Friday, May 6. 2011
Corrupted MSmerge_contents90_forall.bcp in Dynamic Snapshot
Executive Summary
A problem with dynamic snapshot generation may cause some BCP files to contain stale data at the end of the file. Re-creation of the dynamic snapshot does not solve the problem. Removing the old dynamic snapshot before re-creating it may solve the problem temporarily.
Background
I am using Merge Replication with SQL Server 2008 R2 (server and clients) and recently encountered the following error message during synchronization on one of the subscribers:
This message only appeared on one of the subscribers. It was completely reproducible and occurred every time the subscriber attempted to synchronize. Reinitializing the subscriber and recreating the snapshot had no effect. The error message would also appear on a test machine set to use the same partition (via setting the HOST_NAME property to match the subscriber with the errors).
Note that this problem appears to be the same as the one reported in Microsoft Connect #646157, that was closed as a duplicate of #646156... which appears to be inaccessible. How very frustrating!
Investigation Technical Details
One of the initial steps that I used to try to isolate the problem was to copy MSmerge_contents90_forall.bcp (which is listed in the bcp invocation in the error message) to a test machine and attempt to load it. This can be done using the SQL BULK INSERT statement, or using the bcp utility. I tried the following SQL:
FROM 'C:\File\Path\MSmerge_contents90_forall.bcp'
WITH (DATAFILETYPE = 'widenative')
Which produced the following output:
It confirms that the file is invalid and we have a row number that may be close to where the error occurs in the file, but not enough to isolate the problem yet. So, next a try with bcp. Unfortunately, the bcp command in the synchronization error message is not applicable to replication configurations using snapshots in native format (the default). Instead, I used the following command:
A description of the meaning of these command options can be found on the bcp Utility page on MSDN. The command produced the following output:
At least some of the rows were successfully loaded. The rows saved to errfile.dat, which could not be loaded, do not appear to be sane (e.g. negative values in the tablenick column), suggesting some sort of data corruption. But again, no real indication of what is happening.
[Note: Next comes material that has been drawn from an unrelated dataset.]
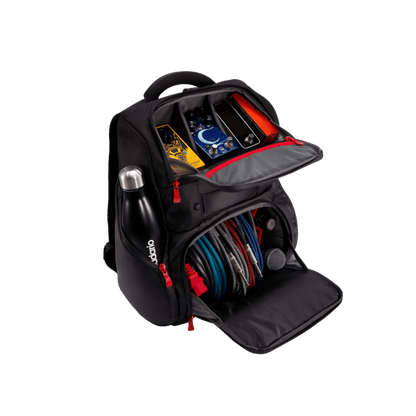 D'Addario Backline Gear Transport Pack Solo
At this point I was lost. I looked at SQL Profiler traces during snapshot creation and poked around in the data without success. I decided to write a bcp file parser to determine the exact source and nature of the corruption. What I found was 11 bytes which were invalid:
001c820: ffff ff10 48a2 984a 33cb c046 a44e 1d9d ....H..J3..F.N.. 001c830: b826 5368 ffff ff84 c1b3 d97a 56cd e5ff .&Sh.......zV... 001c840: ffff d088 0b05 109b 6e58 9e16 c611 e0ba ........nX...... 001c850: 8800 145e 281b 87ed 0c00 0000 0000 0008 ...^(........... 001c860: 700c 0000 0000 0000 0b00 ece6 e53e de7e p............>.~ 001c870: 0400 0000 ffff ff10 7482 32a1 50b6 4d4a ........t.2.P.MJ
If these bytes were removed, the file would parse completely without error. Now we are closer to a real cause, and perhaps a solution.
Next I recreated the dynamic snapshot for the partition while running Process Monitor (a tool I highly recommend) and looked for accesses to MSmerge_contents90_forall.bcp, particularly at the offset where the corruption begins. What I found is that data is written up to the byte before this offset, but not at this byte or after it (by any process). Looking back further in the log revealed that the file was opened with disposition OpenIf, rather than CreateIf, meaning that it was not truncated. Also, there is no call to SetEndOfFileInformationFile/SetAllocationInformationFile made to truncate the file or resize it after writing. Eureka! We've found the problem!
If the size of MSmerge_contents90_forall.bcp (or any other bcp file) shrinks between the previous snapshot and the current snapshot, stale data will be left at the end of the file and errors will occur (unless it happens to end on a row boundary, in which case the stale data will be loaded, potentially causing future errors). The workaround was simple: Delete the folder for the dynamic partition (or individual bcp files with errors) and recreate the snapshot.
Best of luck in solving your problems.